The angle between P and Q is $150^0$

Explanation:

Given,

Resultant of two vectors P and Q is perpendicular to P.

The magnitude of the resultant vectors of P and Q is half of Q

We know, that the resultant vector 'R' of two vectors P and Q is given by the formula

R = $\sqrt{P^2 + Q^2 + 2PQCos\theta}$ ----------------(1)

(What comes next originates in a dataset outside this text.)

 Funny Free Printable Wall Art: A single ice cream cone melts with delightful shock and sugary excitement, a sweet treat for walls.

where $\theta$ is the angle between the two vectors

Also, if $\alpha$ is the angle between P and R then, we have

$tan{\alpha} = \frac{QSin{\theta}}{P+ QCos\theta}$

Given that,

R is perpendicular to P, then we have $\alpha = 90$

$tan{90} = \frac{QSin{\theta}}{P+ QCos\theta}$

$\frac{1}{0} = \frac{QSin{\theta}}{P+ QCos\theta}$

$P + Q Cos\theta = 0$

$Cos \theta = \frac{-P}{Q}$ --------------(2)

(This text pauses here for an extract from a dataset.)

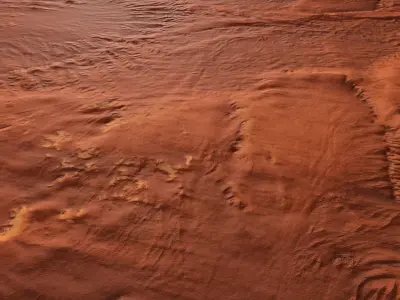 Mars Desert Terrain Landscape Mars Planet Dunes Low-poly 3D model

Also, given R = $\frac{Q}{2}$

Substituting the value of 'R' and $Cos\theta$  in equation (1) we get

$\frac{Q}{2}$ = $\sqrt{P^2 + Q^2 + 2PQ ( -\frac{P}{Q}) }$

$\frac{Q}{2} = \sqrt{P^2 + Q^2 -2P^2}$

$\frac{Q}{2} = \sqrt{ Q^2 -P^2}$

$\frac{Q^2}{4} = Q^2 -P^2\\P^2 = Q^2 - \frac{Q^2}{4} \\P^2 = \frac{3Q^2}{4} \\P = \frac{\sqrt{3}}{2} Q$

$\frac{P }{Q} = \frac{\sqrt{3} }{2}$

Substitute the value  $\frac{P}{Q}$ in equation(2)

$Cos \theta = \frac{-\sqrt{3} }{2}$

$\theta = 150^0$

Hence angle between P and Q is $150^0$